Recent Intel processors have fancy instructions operating over 512-bit registers. They are reported to cause a frequency throttling of the core where they are run, and possibly of other cores in some cases. Thus, it has been recommended to avoid AVX-512 instructions. I have written a series of blog posts on the topic trying to reproduce the effect. Though I can measure some level of performance degradation, if I work hard, I simply cannot find the “obvious” performance degradations (50%) that are often advertised. I tested on two distinct processors. I tried single-threaded and multi-threaded code.
There is more to the story than appears at first.
Travis Downs wrote a fancy tool to investigate the issue. Let me reproduce some of his findings in my own words. According to Intel’s documentation, there are two types of AVX-512, light instructions (e.g., integer additions) and heavy instructions (e.g., multiplications). Heavy instructions reportedly cause a much greater frequency throttle. None of my tests showed that. Travis found that it is quite hard to trigger:
Even a stream of 1 FMAD [fused multiply–add] every 4 or even 2 cycles doesn’t set the frequency down lower. The lowest speed is only reached if FMAs [fused multiply–add] come at a rate of more than 1 every 2 cycles.
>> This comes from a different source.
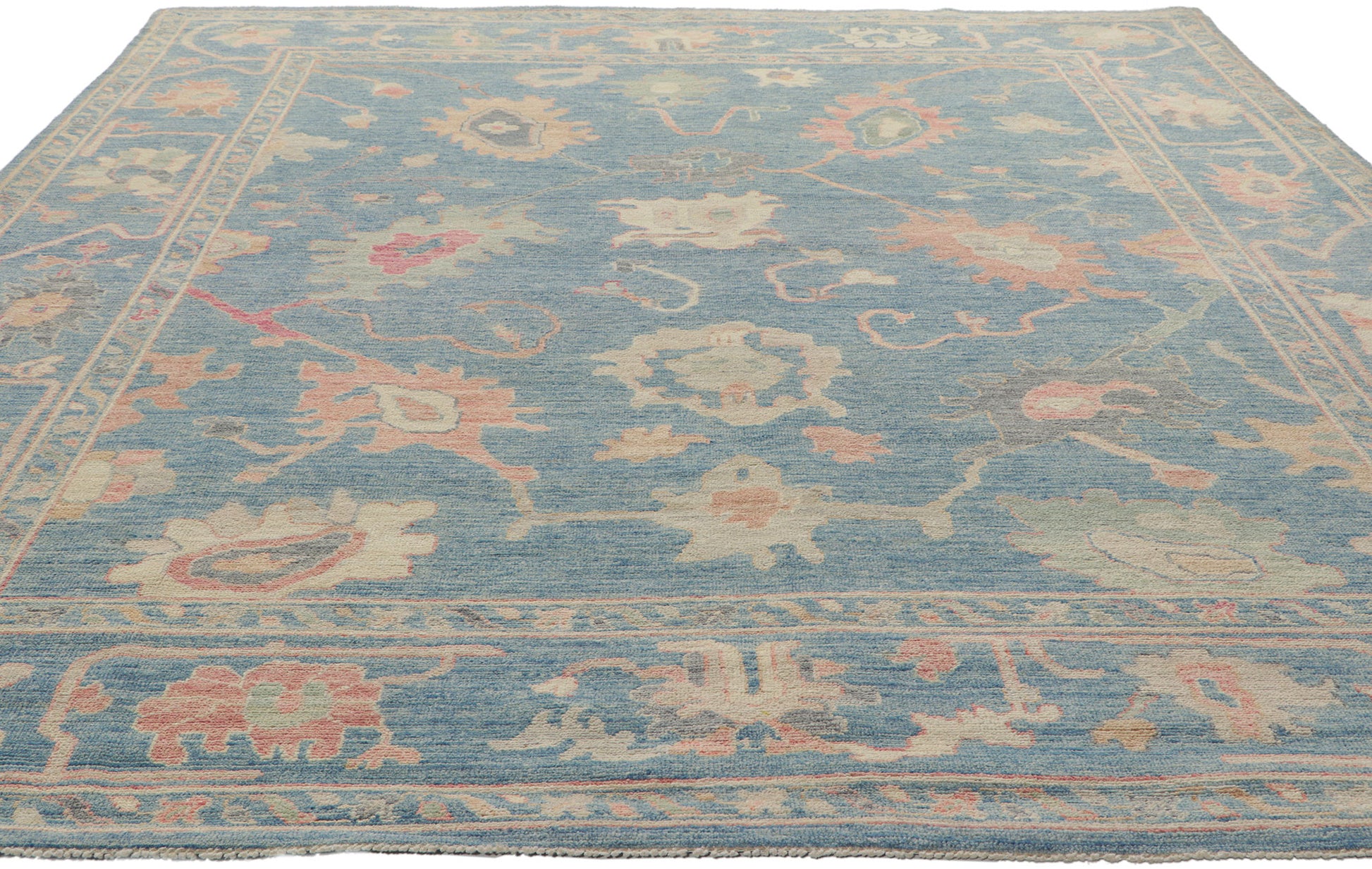 8 x 10 Colorful Blue Oushak Rug 80896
As far as I can tell, this is absent from Intel’s documentation. If Travis is right, and I have no reason to doubt him, this means that the reported massive frequency throttling (slowest license) that we find everywhere online (including on Intel’s site) requires substantial qualification. Few people will ever achieve the rate of sustained heavy instructions that Travis documents.
For example, if you use AVX-512 to for pattern matching (Intel Hyperscan), to code and decode base64, or to compress and uncompress integers, you are probably never going to trigger massive throttling. If you do a lot of cryptography, machine learning or number crunching, the story might be different.
It is important to take into account how much you gain in the first place by going to AVX-512. For example, openssl found that a particular cryptographic routine involving many multiplications ran 30% faster on a per-cycle basis with AVX-512. Once you factor in some throttling, it is easy to see how it could be wasteful. So maybe a sensible approach is to ensure that you make substantial gains when using AVX-512 if it involves many heavy instructions.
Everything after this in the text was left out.